* **Image-caption web data**
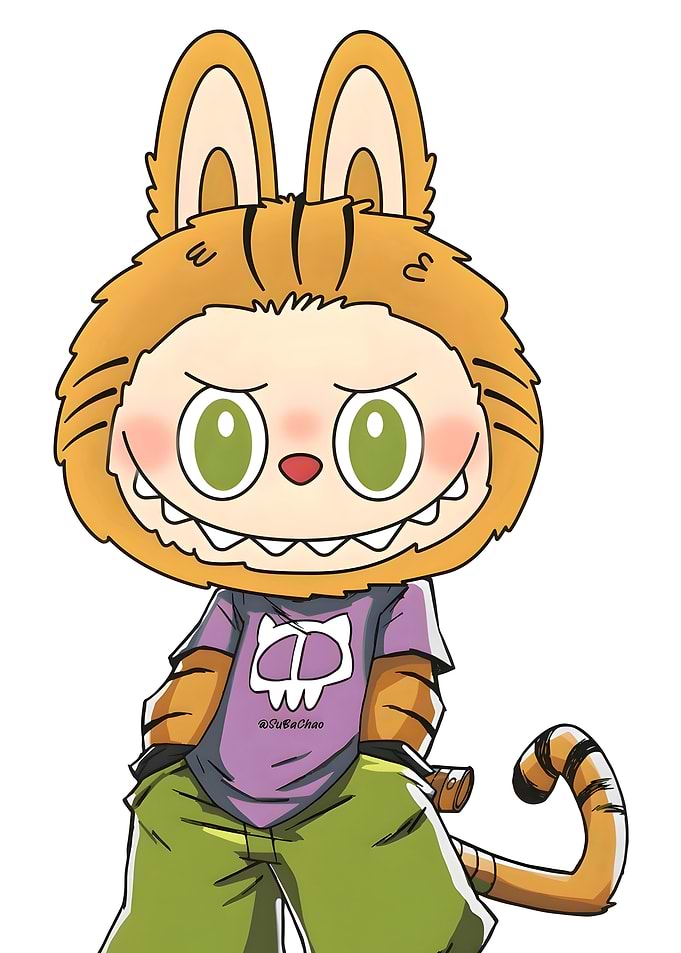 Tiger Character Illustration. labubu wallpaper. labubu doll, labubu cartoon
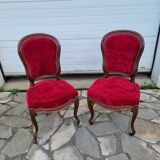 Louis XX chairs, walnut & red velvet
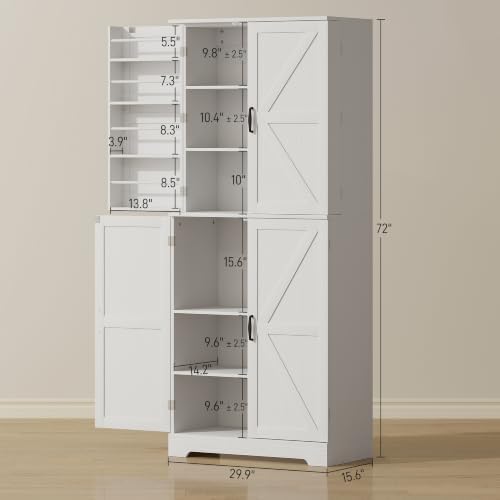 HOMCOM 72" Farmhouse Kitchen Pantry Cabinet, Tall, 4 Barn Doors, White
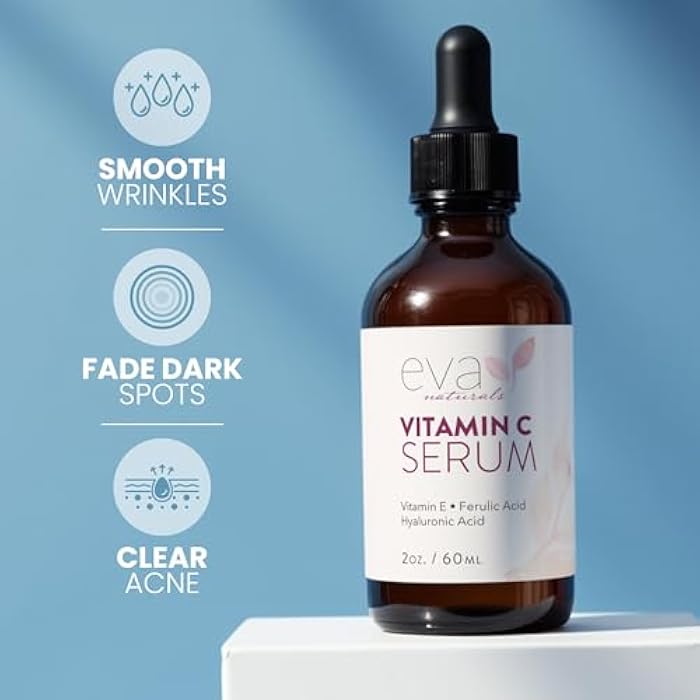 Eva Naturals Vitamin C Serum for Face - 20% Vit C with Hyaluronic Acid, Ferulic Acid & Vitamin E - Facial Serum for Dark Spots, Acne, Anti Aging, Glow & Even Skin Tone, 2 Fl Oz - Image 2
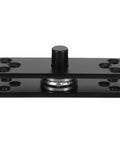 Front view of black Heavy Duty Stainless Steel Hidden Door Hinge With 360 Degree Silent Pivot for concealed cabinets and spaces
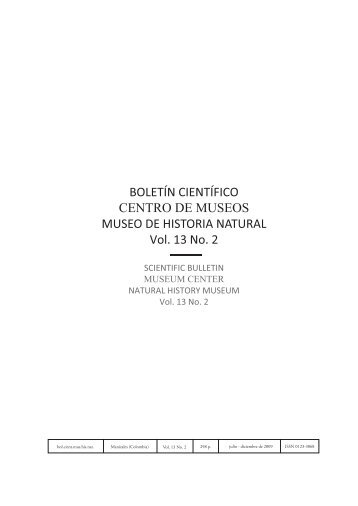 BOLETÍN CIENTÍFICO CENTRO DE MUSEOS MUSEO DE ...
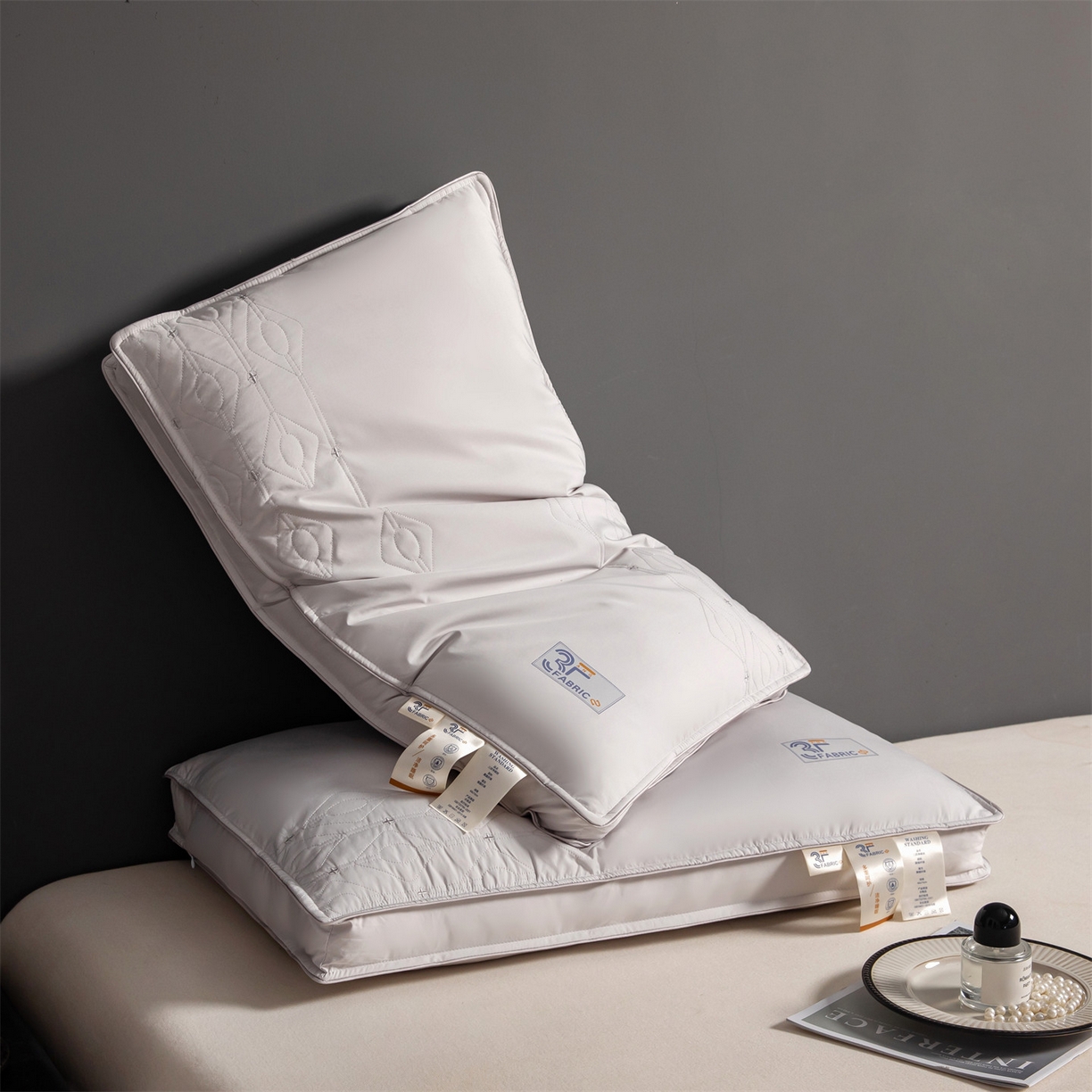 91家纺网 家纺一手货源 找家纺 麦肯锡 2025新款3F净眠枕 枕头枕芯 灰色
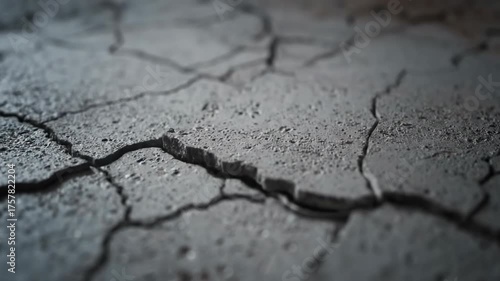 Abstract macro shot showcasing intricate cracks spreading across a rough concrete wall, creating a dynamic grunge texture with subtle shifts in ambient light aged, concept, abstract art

* **PROMPT**
Take the line with "Eva Naturals Vitamin" as the first line and the last line of the records above as the final one; reproduce exactly the lines between them, both included, without pictures.

* **OUTPUT FOR THIS TASK**
 Eva Naturals Vitamin C Serum for Face - 20% Vit C with Hyaluronic Acid, Ferulic Acid & Vitamin E - Facial Serum for Dark Spots, Acne, Anti Aging, Glow & Even Skin Tone, 2 Fl Oz - Image 2
 Front view of black Heavy Duty Stainless Steel Hidden Door Hinge With 360 Degree Silent Pivot for concealed cabinets and spaces
 BOLETÍN CIENTÍFICO CENTRO DE MUSEOS MUSEO DE ...
 91家纺网 家纺一手货源 找家纺 麦肯锡 2025新款3F净眠枕 枕头枕芯 灰色
 Abstract macro shot showcasing intricate cracks spreading across a rough concrete wall, creating a dynamic grunge texture with subtle shifts in ambient light aged, concept, abstract art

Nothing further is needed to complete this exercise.